On Nov. 23, 1998, the nation's four largest cigarette sellers agreed to pay $200 billion over 30 years in what seemed like a victory for David over Goliath. The money was supposed to help the states pay for health care and anti-smoking campaigns. Instead, much of it – even payments that aren't due for 20 years – has already been spent on politically popular tax breaks through complicated borrowing schemes initiated by Wall Street investment banks.

Because these states have essentially borrowed against future payments from the tobacco industry, they are now dependent on the continued vitality of cigarette sales. If Big Tobacco stumbles, states will be on the hook for these massive, billion-dollar loans. In other words, David and Goliath are now allies. …

The first tobacco bond and the 94 others that followed have raised a total of $55 billion, said [David] Loughran, the Oppenheimer fund manager.

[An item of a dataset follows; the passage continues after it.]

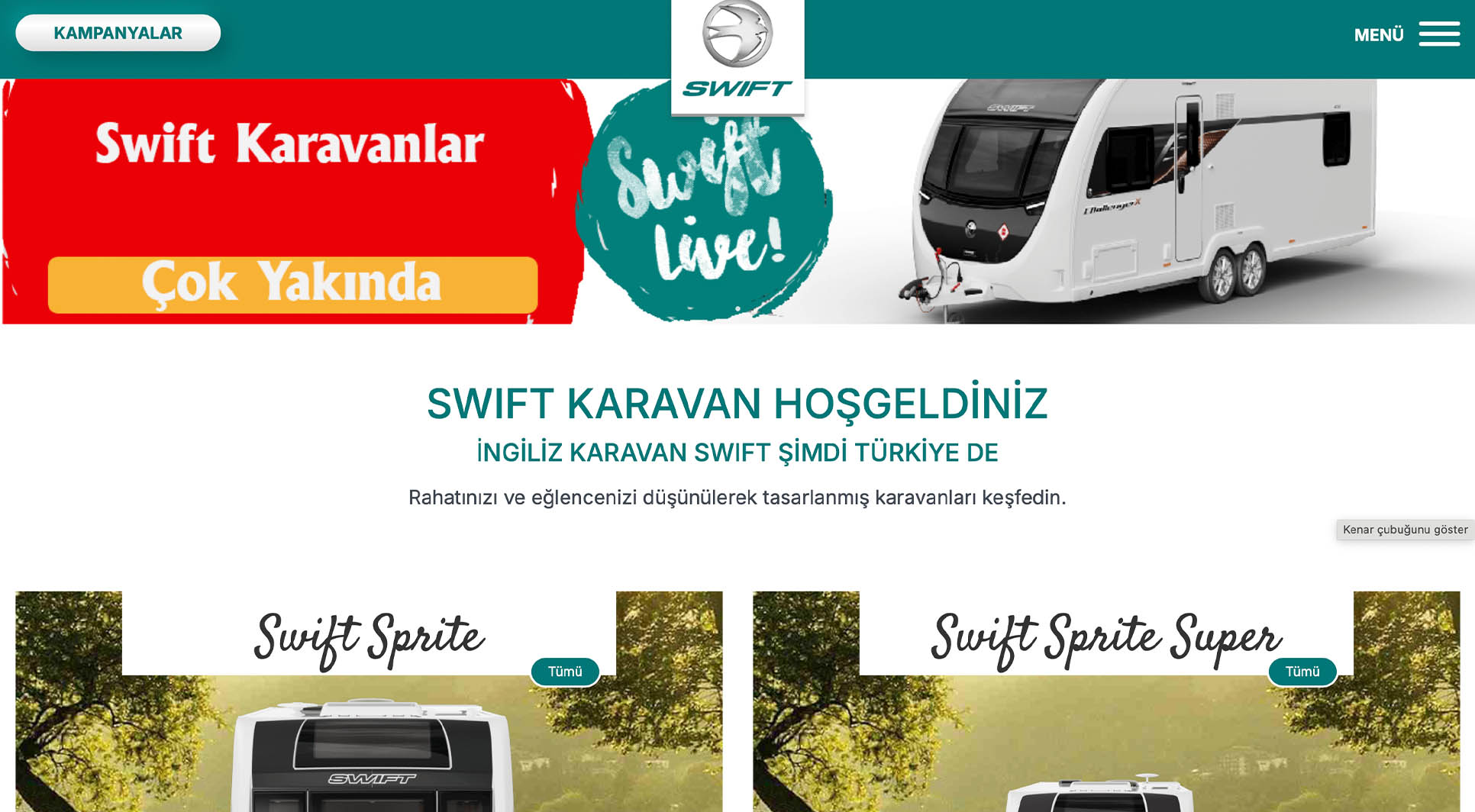 Craft-Creative | Swift Karavan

[a chart shows that 23% of the money raised by bond issues went to cover budget shortfalls]

Toll roads

One hears a great deal about toll roads being sold or leased but, in fact, there have been relatively few completed transactions. In 2009, US PIRG, the federation of state public interest research groups, stated:

By the end of 2008, 15 roads had been privatized in 10 different states–either through long-term highway lease agreements on existing highways or the construction of new private toll roads.

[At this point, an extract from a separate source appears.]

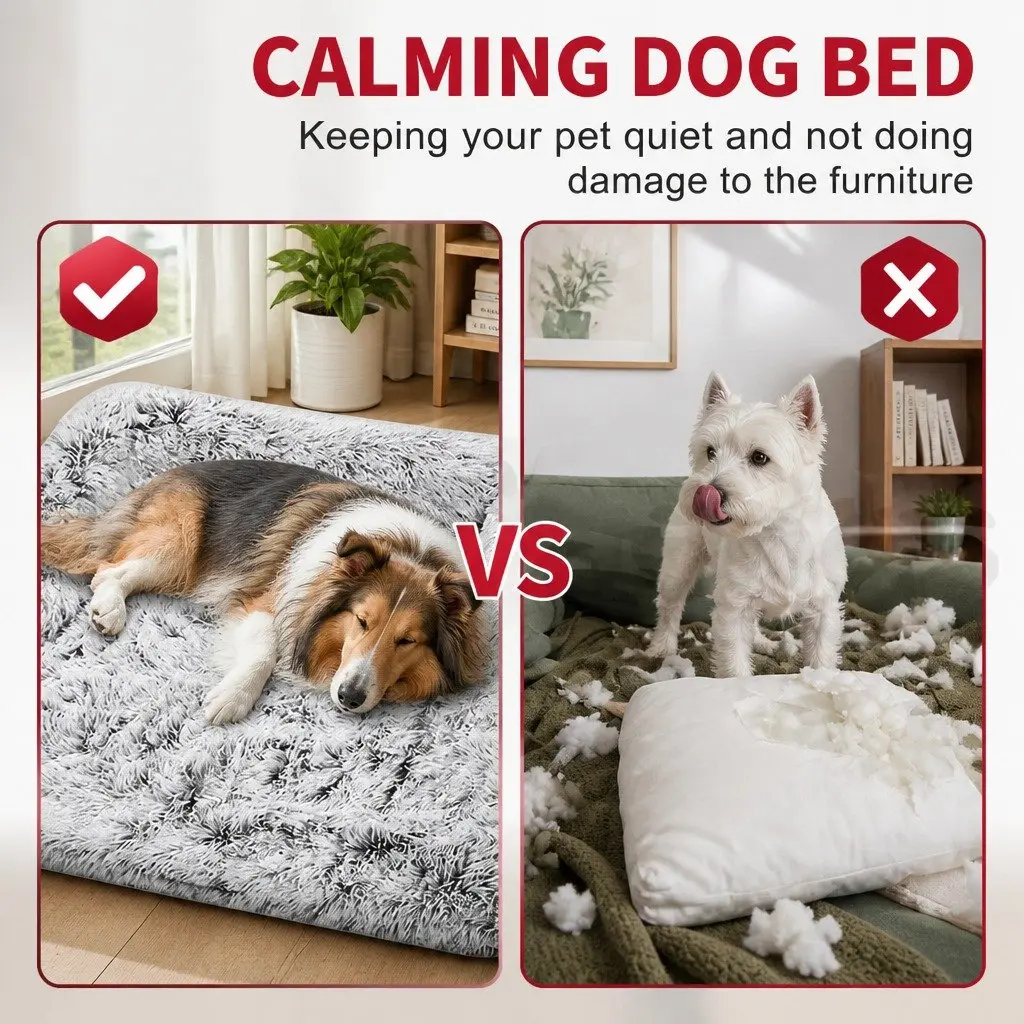 Kids Pet Sofa Bed for Dogs and Cats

The total cost of the 15 deals was $8.9 billion.

Selling properties and leasing them back

According to a Stateline article, the two states which had taken this option as of Nov 2009 were Arizona and California. In 2009 a major plan was developed to sell off 32 Arizona state properties, for a total of “as much as $735 million”, and lease them back. In 2010 California approved the sale and leaseback of 11 properties for a total of about $2 billion.

That comes to a total of $2.7 billion.

Lease of parking

Chicago granted a 75-year lease on a system of parking meters, receiving in return $1.15 billion. Since then many other such schemes have been discussed but, as far as I can tell, none has come to fruition. Pittsburgh may be close to a $452 million deal.

Giving the Pittsburgh deal the benefit of the doubt, call it $1.5 billion.


There has been much discussion of privatizing airports, but the idea has not gained traction. The FAA reports,

Congress established FAA's Airport Privatization Pilot Program to explore privatization as a means of generating access to various sources of private capital for airport improvement and development. …

As of October 25, 2010, there are four active applications in the program.

  • Chicago Midway International Airport
  • Gwinnett County Briscoe Field
  • Luís Muñoz Marín International Airport
  • Hendry County Airglades Airport

[and a table on the same page makes it clear no airport has yet been privatized]


Much of the above information is somewhat dated, and there have doubtless been some further deals in the last year or two. However in looking for the above information I found many examples that supplied good headlines for many years without ever being consummated. Further, some of the above deals have resulted in a great deal of bad press that discouraged other deals under discussion. So I think the above numbers are still in the right ballpark.

So, then, we have

  1. Tobacco, $55 billion
  2. Toll roads, $9 billion
  3. Buildings, $3 billion
  4. Parking, $2 billion
  5. Airports, zero

That gives a grand total of $69 billion, which is completely insignificant compared to either one year of state and local government budgets ($2.1 trillion) or state unfunded retirement obligations ($3 trillion).